▶ [Task objective]: Look below for the line with "Ophidia GG Boston Bag, Gold Hardware" and the line with "Flatbed Die Cutting Machine"; repeat exactly those two lines and all lines between them, but no pictures.

*** Opening of Entries provided ***

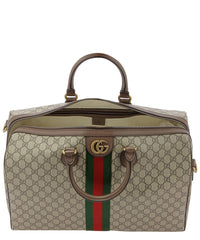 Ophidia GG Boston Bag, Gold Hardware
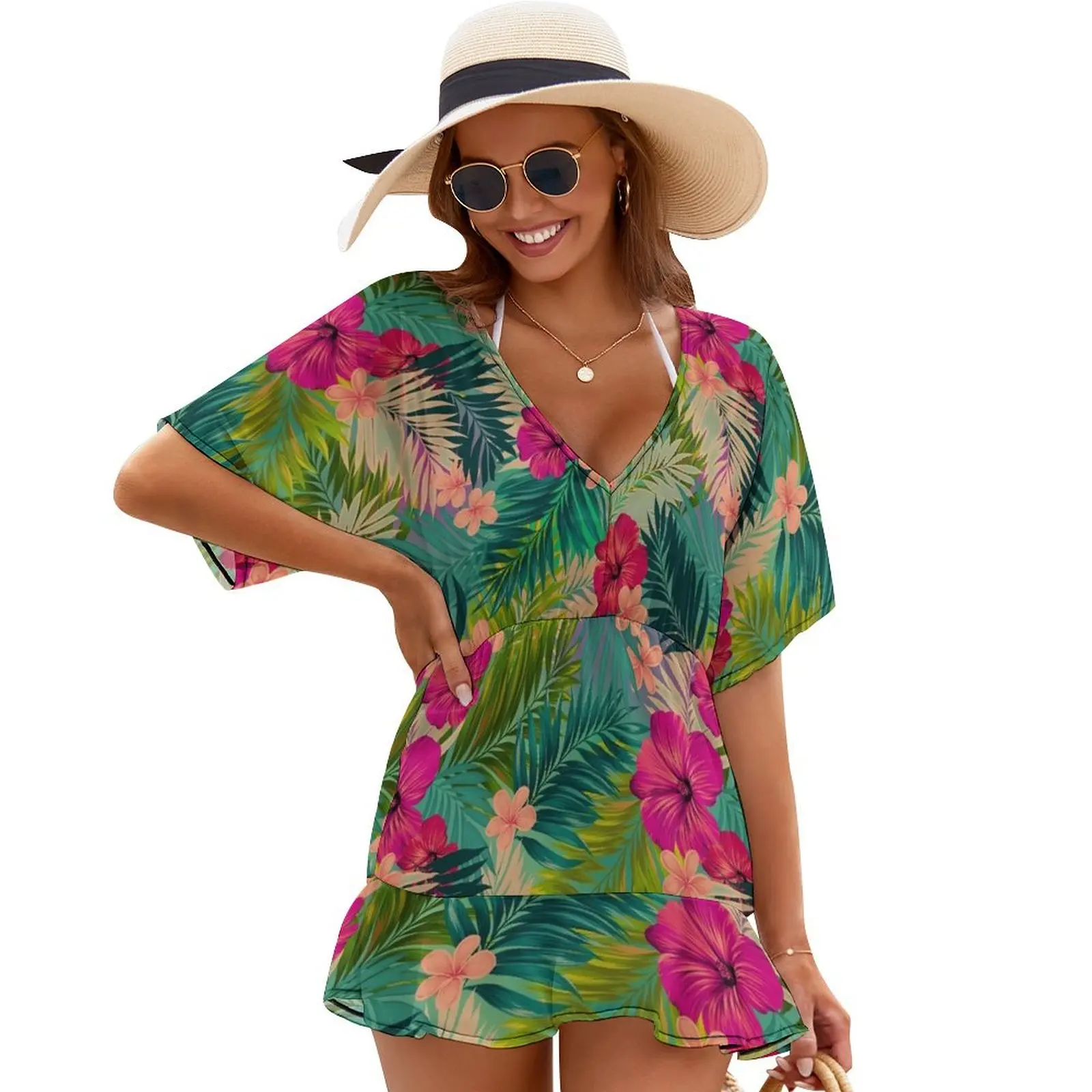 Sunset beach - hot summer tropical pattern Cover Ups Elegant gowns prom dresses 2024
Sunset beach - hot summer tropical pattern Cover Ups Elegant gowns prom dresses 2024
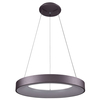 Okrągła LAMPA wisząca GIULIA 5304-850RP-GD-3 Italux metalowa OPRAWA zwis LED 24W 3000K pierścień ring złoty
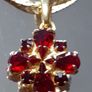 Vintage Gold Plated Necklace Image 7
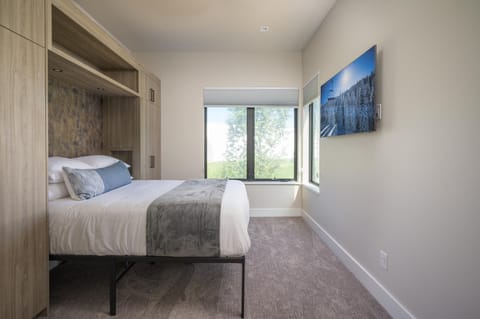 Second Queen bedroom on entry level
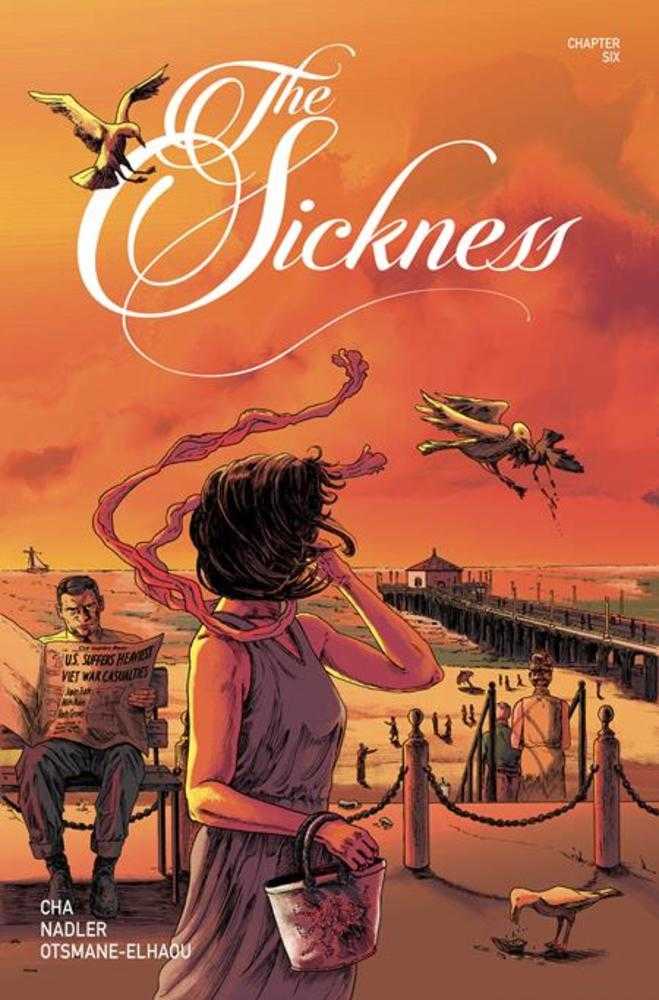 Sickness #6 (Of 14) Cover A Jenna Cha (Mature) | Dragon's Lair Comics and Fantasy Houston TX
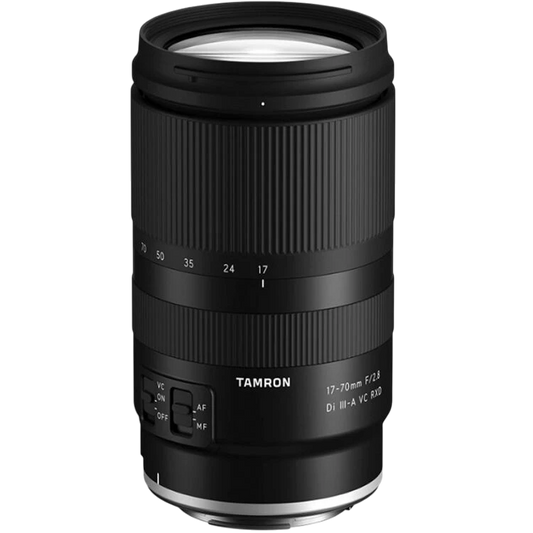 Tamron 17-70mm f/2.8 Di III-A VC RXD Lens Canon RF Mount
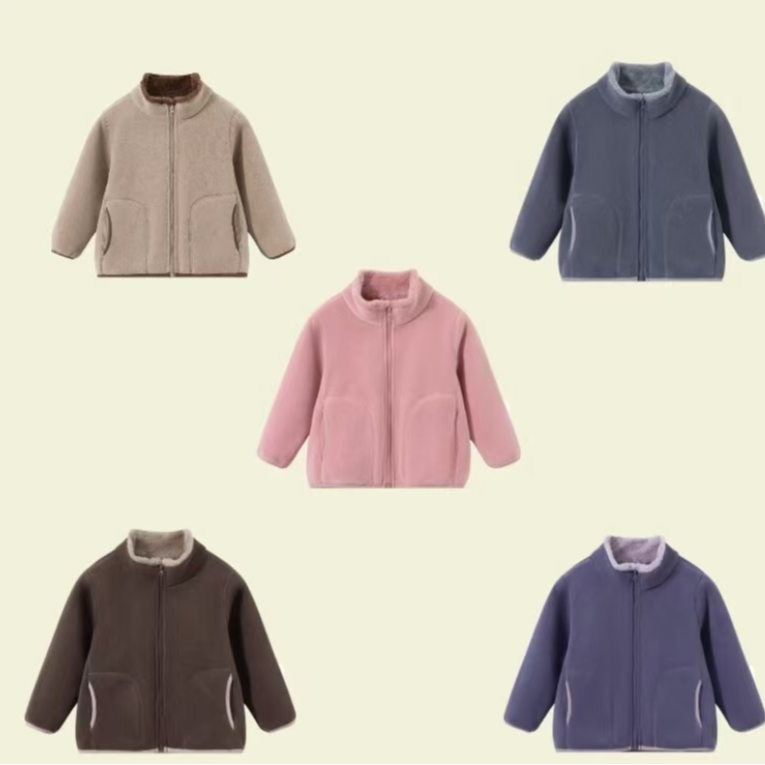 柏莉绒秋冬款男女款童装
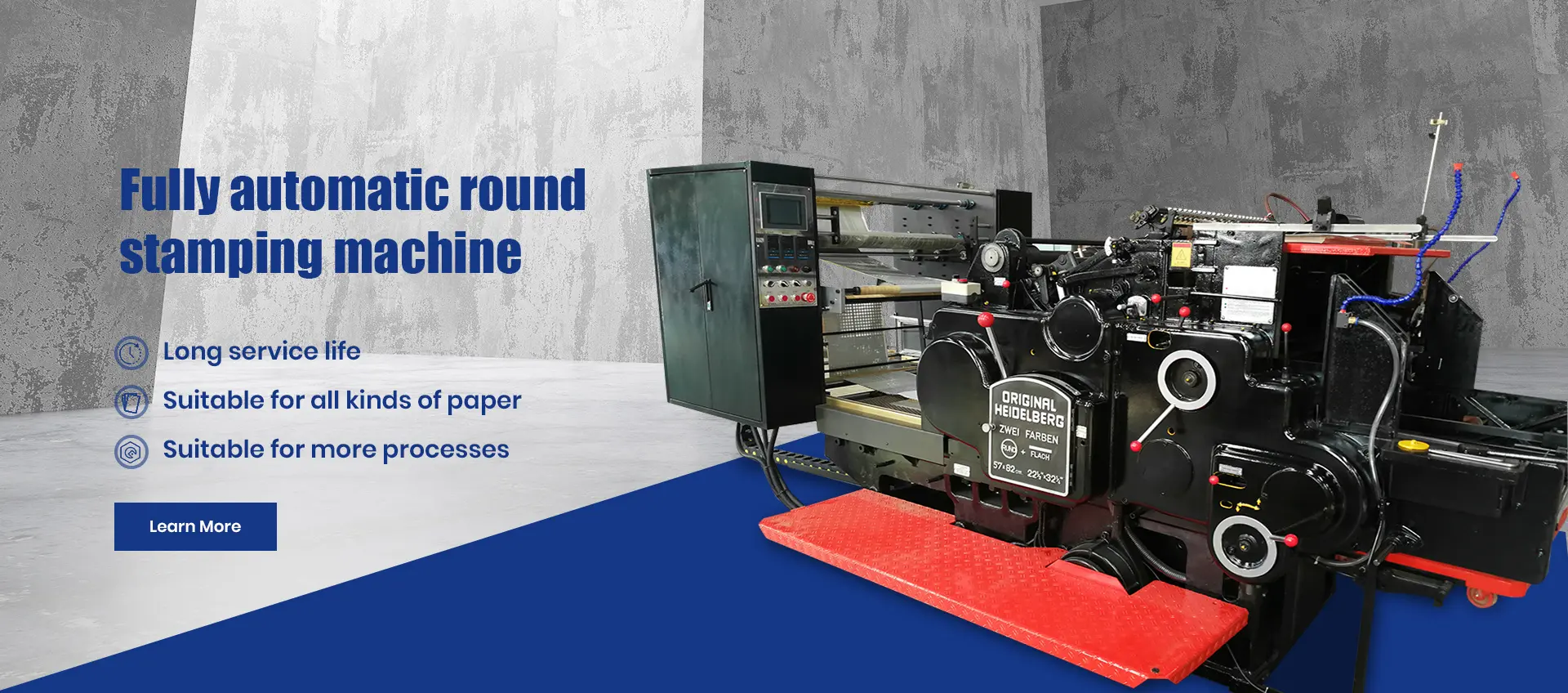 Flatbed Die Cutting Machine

*** Close of Entries provided ***
*** Opening of Entries provided ***

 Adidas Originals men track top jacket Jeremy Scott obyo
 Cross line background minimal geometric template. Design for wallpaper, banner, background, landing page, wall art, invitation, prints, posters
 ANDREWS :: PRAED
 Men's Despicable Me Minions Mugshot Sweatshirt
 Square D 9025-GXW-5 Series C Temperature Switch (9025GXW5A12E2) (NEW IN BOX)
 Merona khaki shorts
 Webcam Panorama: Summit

*** Close of Entries provided ***
*** Opening of Entries provided ***

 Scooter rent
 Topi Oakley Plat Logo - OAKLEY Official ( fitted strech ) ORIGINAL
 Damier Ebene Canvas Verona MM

*** Close of Entries provided ***

▶ [Answer to this exercise]:
 Ophidia GG Boston Bag, Gold Hardware
 Sunset beach - hot summer tropical pattern Cover Ups Elegant gowns prom dresses 2024
Sunset beach - hot summer tropical pattern Cover Ups Elegant gowns prom dresses 2024
 Okrągła LAMPA wisząca GIULIA 5304-850RP-GD-3 Italux metalowa OPRAWA zwis LED 24W 3000K pierścień ring złoty
 Vintage Gold Plated Necklace Image 7
 Second Queen bedroom on entry level
 Sickness #6 (Of 14) Cover A Jenna Cha (Mature) | Dragon's Lair Comics and Fantasy Houston TX
 Tamron 17-70mm f/2.8 Di III-A VC RXD Lens Canon RF Mount
 柏莉绒秋冬款男女款童装
 Flatbed Die Cutting Machine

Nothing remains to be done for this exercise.